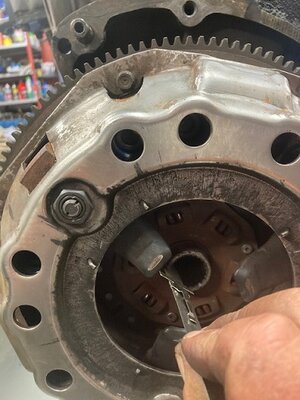 D150 clutch finger height.jpg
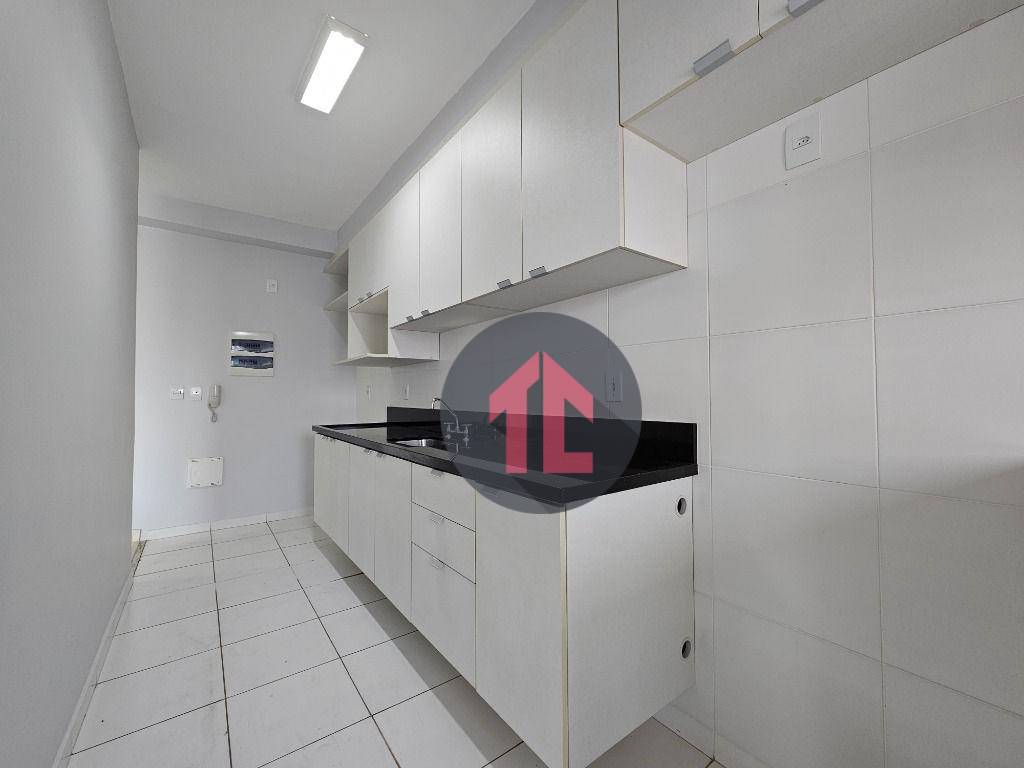 Apartamento à venda com 2 quartos, 65m² - Foto 4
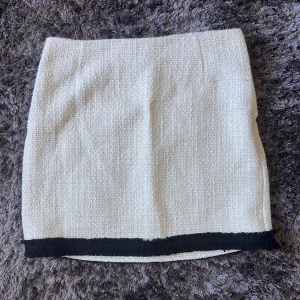 Vintage stil kjol - Vintage stil kjol från HM, knappt använd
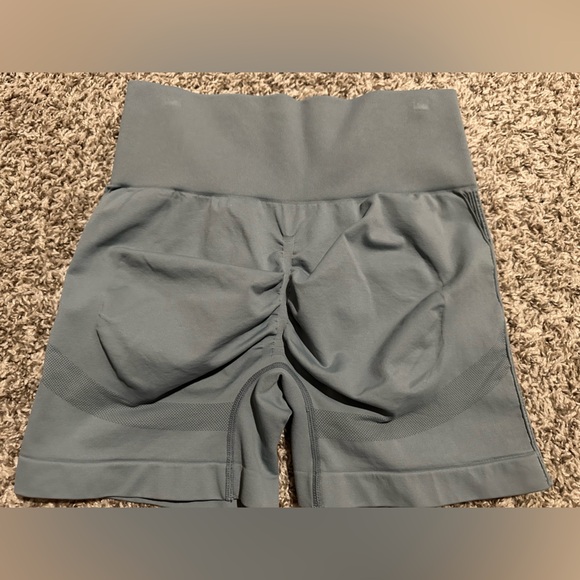 Ribbed Seamless Workout Shorts - High Waisted Scrunch - Picture 4 of 4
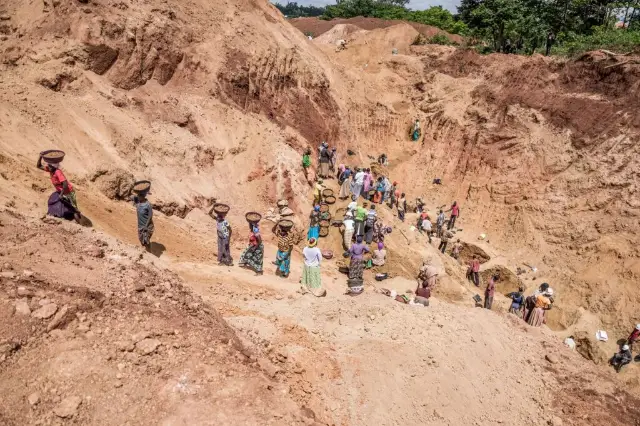 women mining Gold in Karamoja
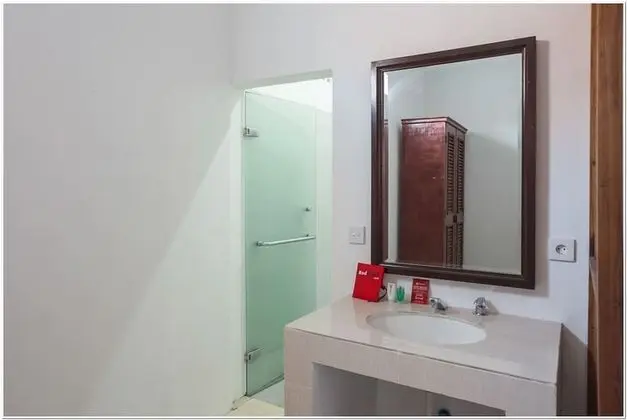 Tek Büyük Yataklı Oda (RedDoorz)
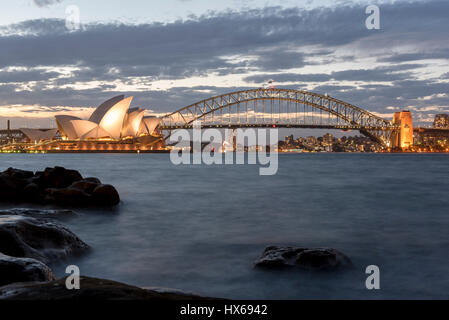 Le port de Sydney avec les monuments de renommée internationale du pont et de l'Opéra Banque D'Images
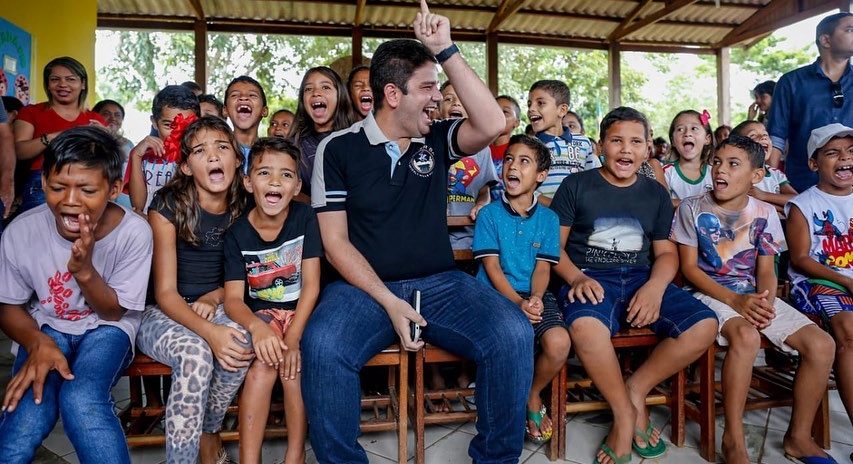 Gladson leva alegria, presentes e Papai Noel para crianças de escola em bairro da Capital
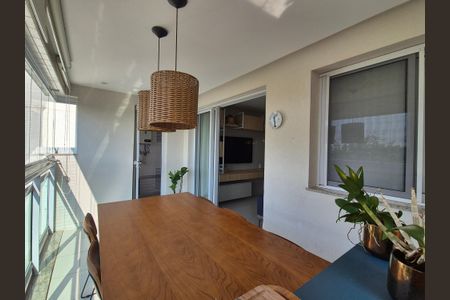 Apartamento à venda com 86m², 2 quartos e 1 vagaVaranda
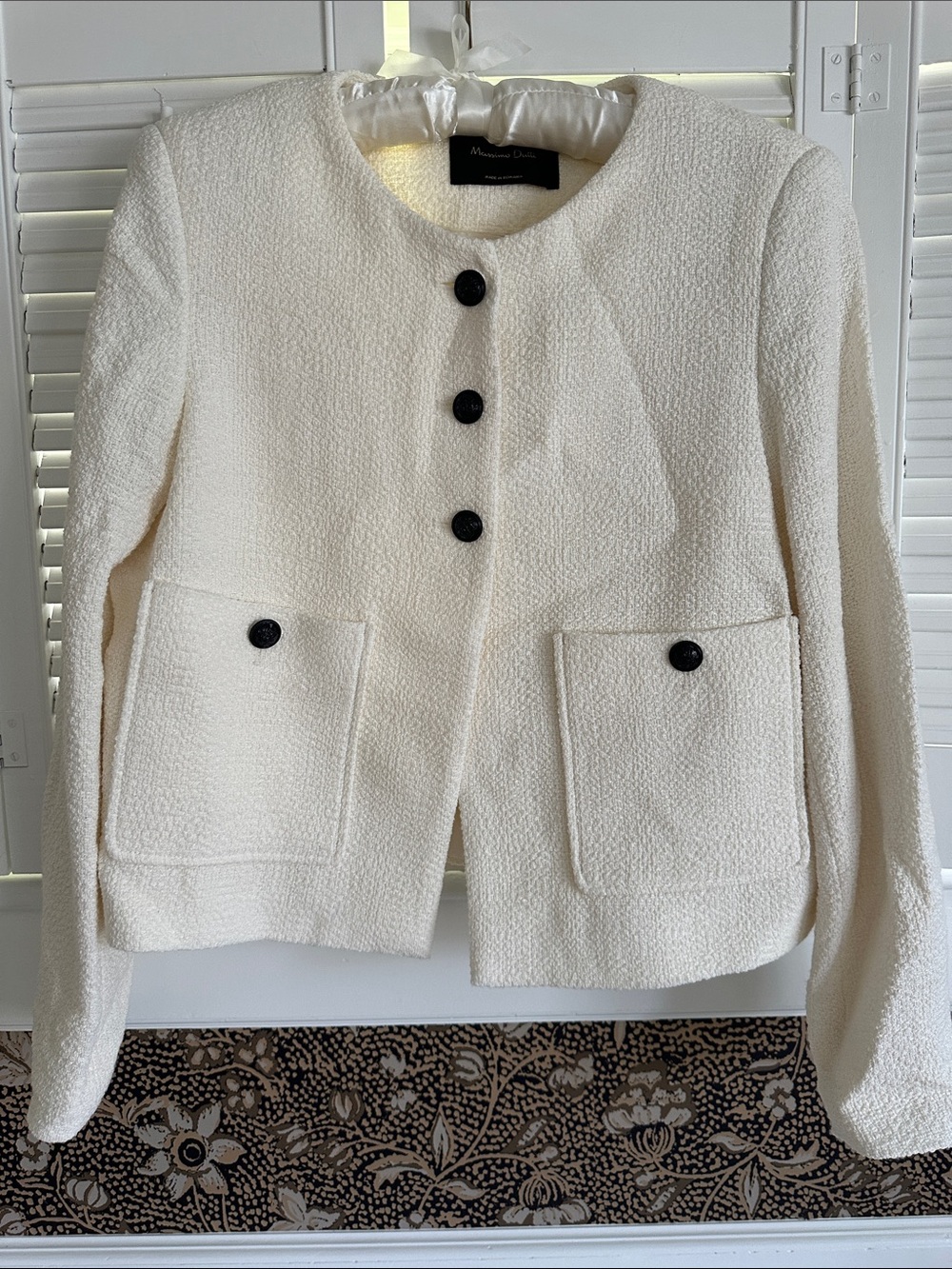 Massimo Dutti Cream Bouclé Blazer with Dark Buttons size small NWOT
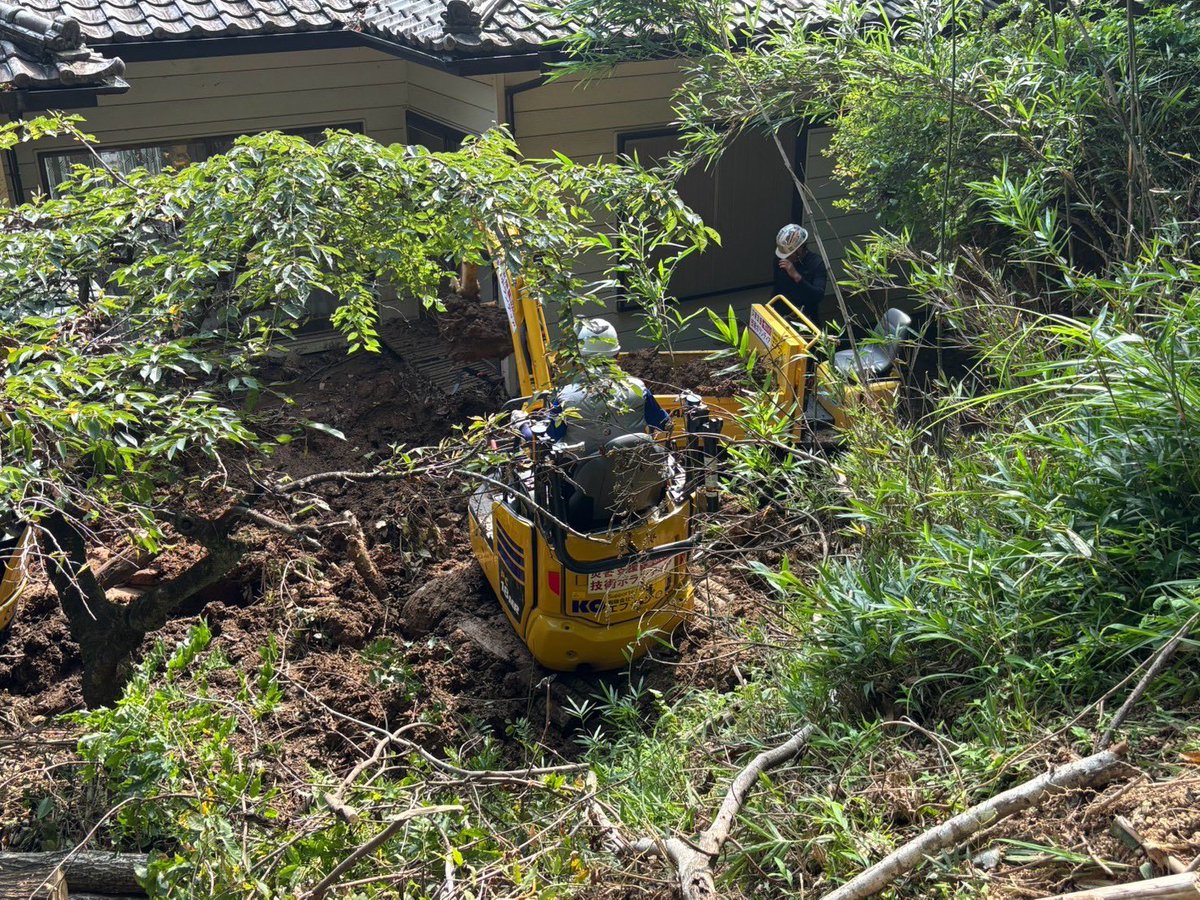 DGR_119's tweet photo. 7/31(金) 
#令和8年７月北関東集中豪雨

【活動場所】
・栃木県足利市松田町地内

【活動内容】
・動線確保
・堆積土搬出
・流木処理　etc...

決して忘れられてはいけない。
出来る時に、出来る場所で、出来る支援を！！！ https://t.co/bfcGi5cPRA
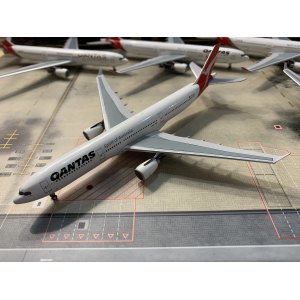 Qantas 澳洲航空 Airbus A330-300 VH-QPG  AC4VHQPG AeroClassics 1:400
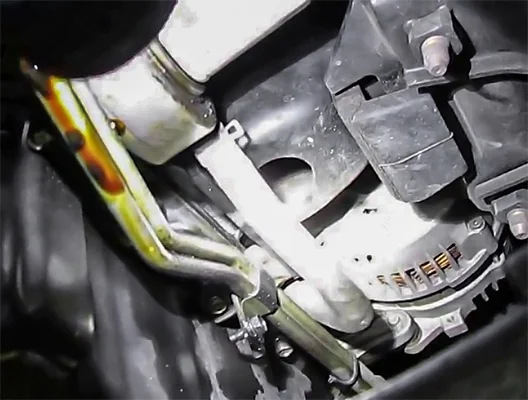 Oil leak in a VG33E engine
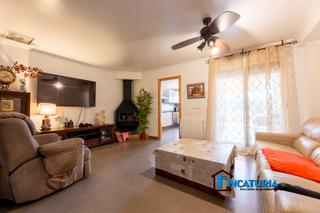 Casa adossada en Loriguilla. Casa adosada en loriguilla: espacio y confort a un paso del tren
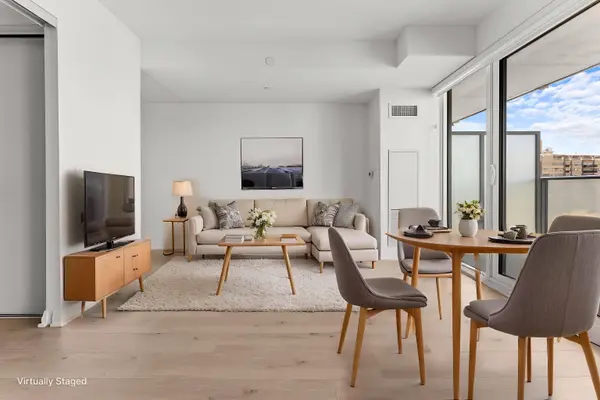 99 Foxbar RD #906, Toronto C02, ON M4V 2G5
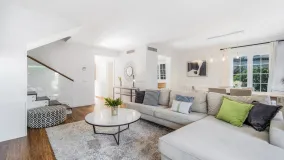 Se vende adosado en Marbellamar de 4 dormitorios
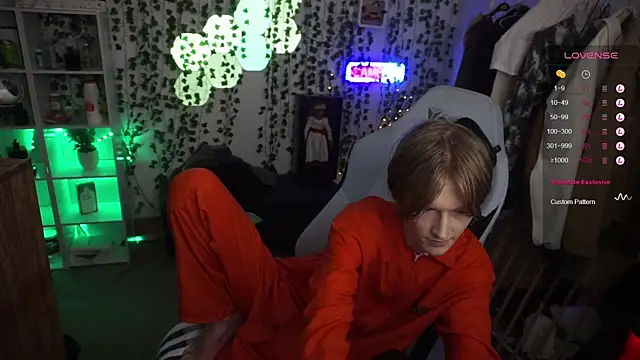 Snapshot of twinkben chatting on January 2025 08:22:02 PM twinkben online show from January 2025 08:22:02 PM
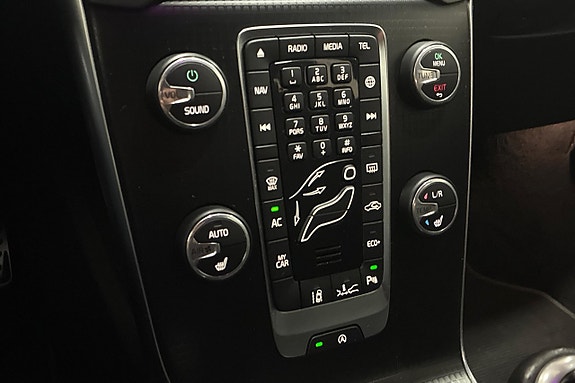 Volvo V40 23 of 26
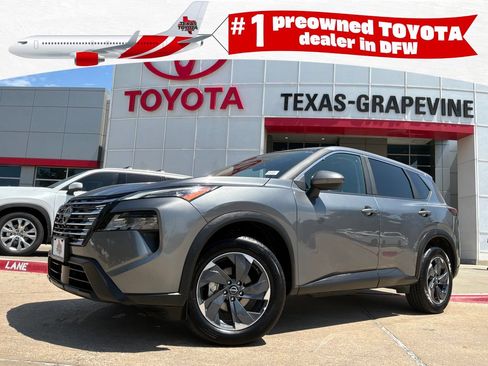 Used 2025 Nissan Rogue SV FWD image 1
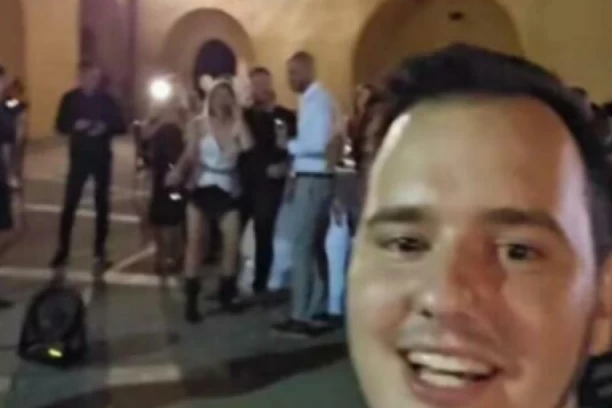 SIN ĐORĐA BALAŠEVIĆA PRVI DOPLIVAO ZA ČASNI KRST! Aplaudira Novi Sad, na obali ga sačekalo VELIKO IZNENAĐENJE! (VIDEO)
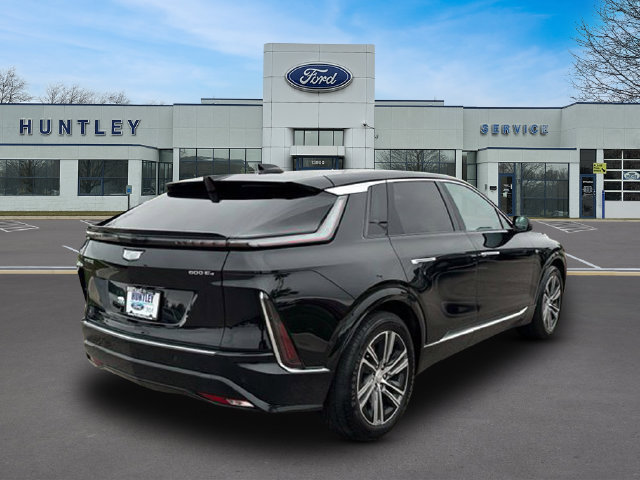 Used 2024 Cadillac Lyriq Luxury AWD/4WD image 5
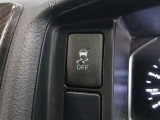 VSC(滑りやすい路面での横滑りを抑え車両の安定性を保つための機能)搭載ですが、雪道などから脱出する時はOFFすると脱出しやすくなる場合があります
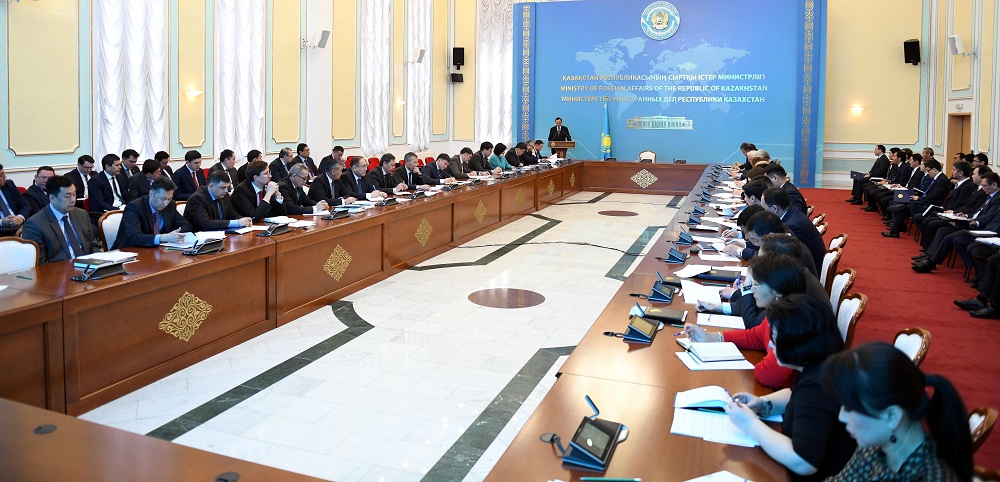 قايرات ءابدىراحمانوۆ ديپلوماتيالىق قىزمەت جۇيەسىن جەتىلدىرۋ تۋرالى ايتتى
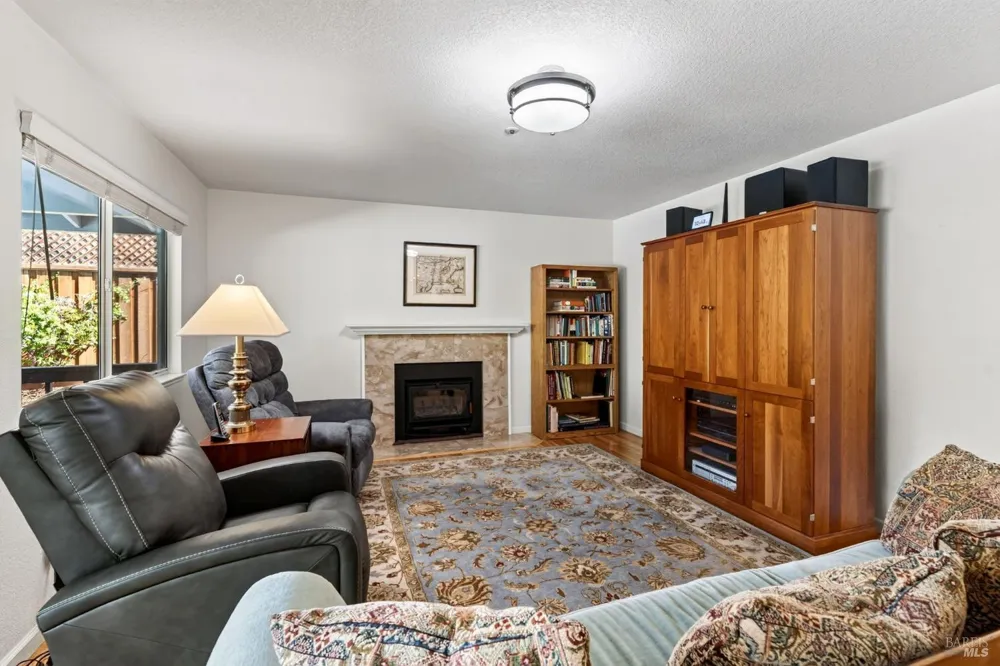 421 Greens Drive Healdsburg, CA 95448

-.-.-

[ASSIGNMENT] Each line from the beginning of the entries up to and including the one containing "Tek Büyük Yataklı Oda (RedDoorz)" must be restated exactly. Pictures are to be left out.

[SOLUTION TO THE EXERCISE]
 D150 clutch finger height.jpg
 Apartamento à venda com 2 quartos, 65m² - Foto 4
 Vintage stil kjol - Vintage stil kjol från HM, knappt använd
 Ribbed Seamless Workout Shorts - High Waisted Scrunch - Picture 4 of 4
 women mining Gold in Karamoja
 Tek Büyük Yataklı Oda (RedDoorz)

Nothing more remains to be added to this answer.